#### [WHAT YOU NEED TO DO]
Using only the entries below, copy exactly the lines that begin at the one with "Zara Womens Blue" and end at the one with "Image depicting a", both included. Drop the pictures.

#### [EXERCISE DATA]
• • •

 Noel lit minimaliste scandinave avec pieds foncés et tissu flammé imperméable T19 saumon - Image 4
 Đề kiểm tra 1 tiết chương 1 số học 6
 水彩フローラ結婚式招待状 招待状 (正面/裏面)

• • •

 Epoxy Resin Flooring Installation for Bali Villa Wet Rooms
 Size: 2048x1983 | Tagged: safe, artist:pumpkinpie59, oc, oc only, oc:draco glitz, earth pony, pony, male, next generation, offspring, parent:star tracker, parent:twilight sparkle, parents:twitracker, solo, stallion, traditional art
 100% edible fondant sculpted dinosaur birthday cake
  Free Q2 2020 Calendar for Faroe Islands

• • •

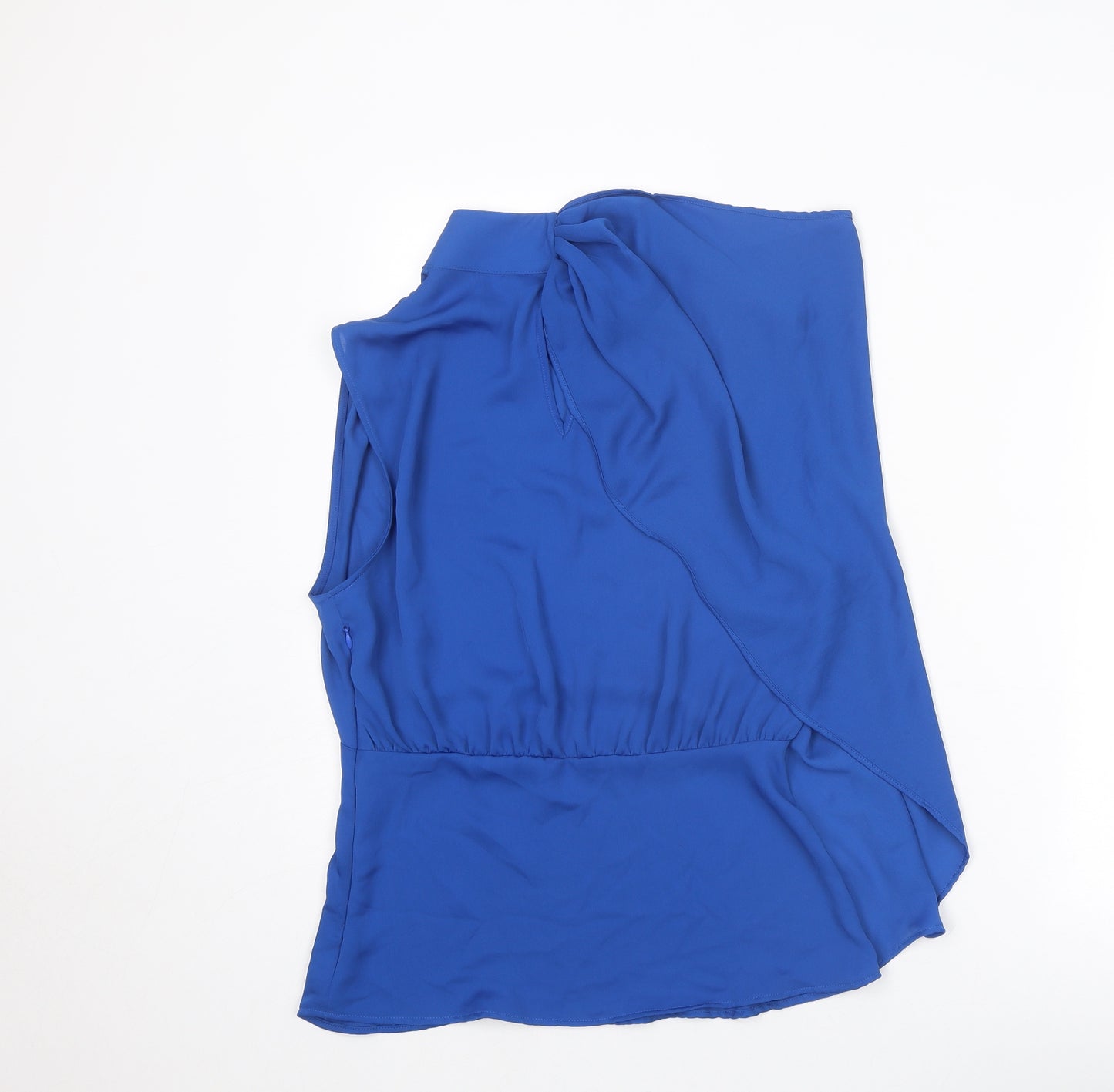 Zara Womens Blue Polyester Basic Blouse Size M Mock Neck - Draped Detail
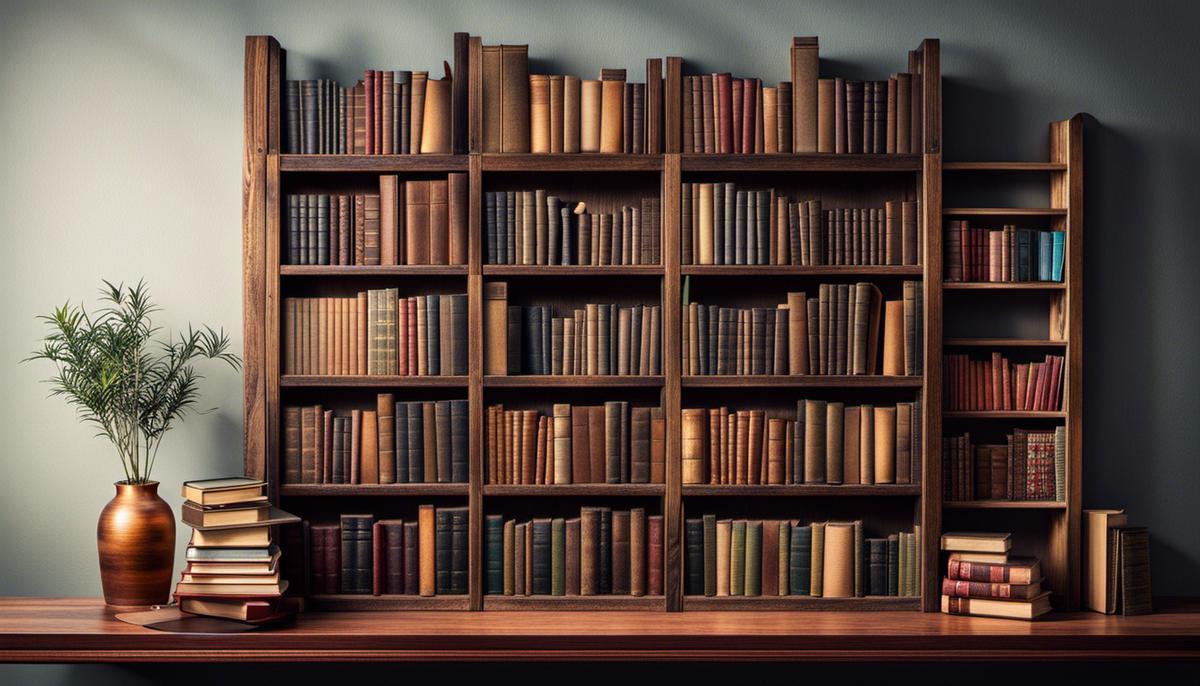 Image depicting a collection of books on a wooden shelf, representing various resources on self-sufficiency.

• • •

#### [EXPECTED OUTPUT]
 Zara Womens Blue Polyester Basic Blouse Size M Mock Neck - Draped Detail
 Image depicting a collection of books on a wooden shelf, representing various resources on self-sufficiency.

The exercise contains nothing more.